**** DATASET EXCERPT ****

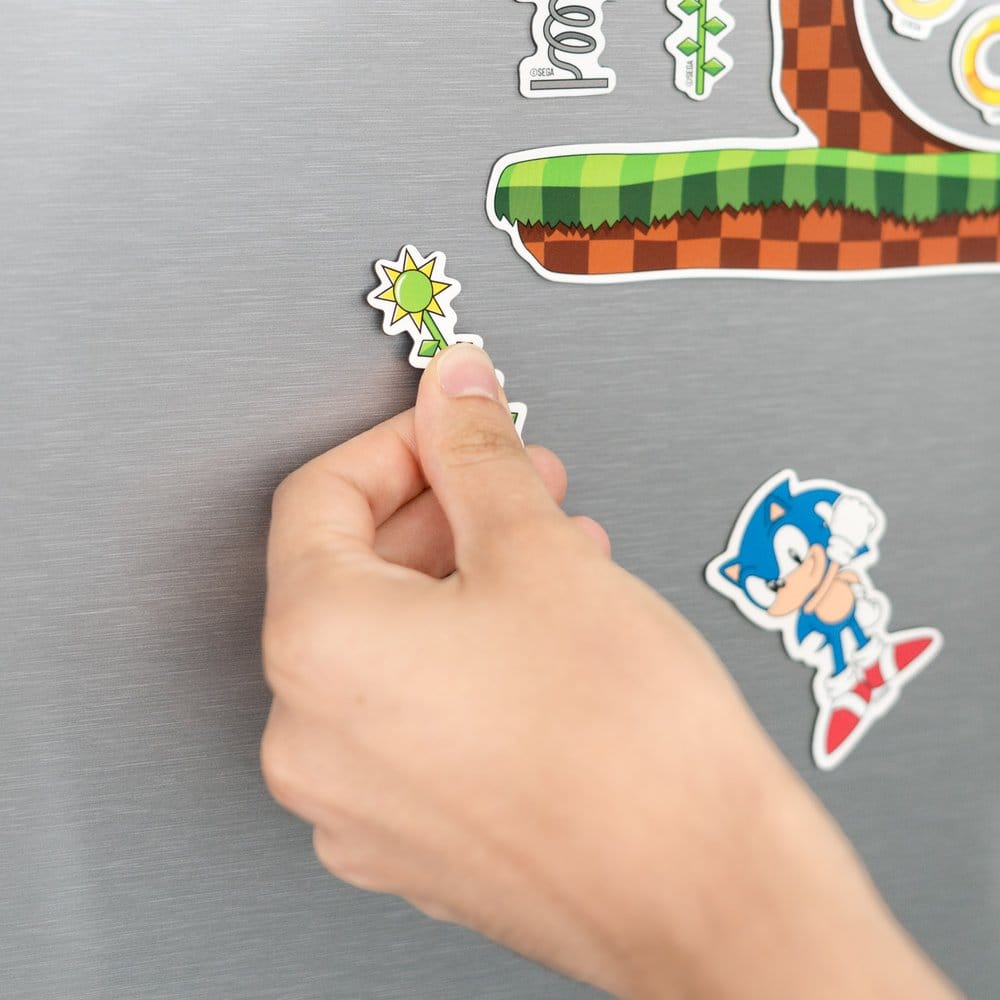 Sonic Die Cut Magnet Set Grupo Erik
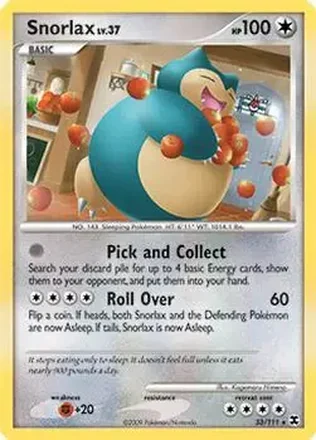 2009 Pokemon Platinum Rising Rivals #33/111 - Snorlax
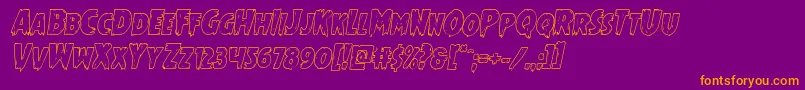 Mrsmonsteroutital Font – Orange Fonts on Purple Background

****

Every line above must appear in the answer unchanged, and no picture may appear in it.

◆ COMPLETED EXERCISE
 Sonic Die Cut Magnet Set Grupo Erik
 2009 Pokemon Platinum Rising Rivals #33/111 - Snorlax
 Mrsmonsteroutital Font – Orange Fonts on Purple Background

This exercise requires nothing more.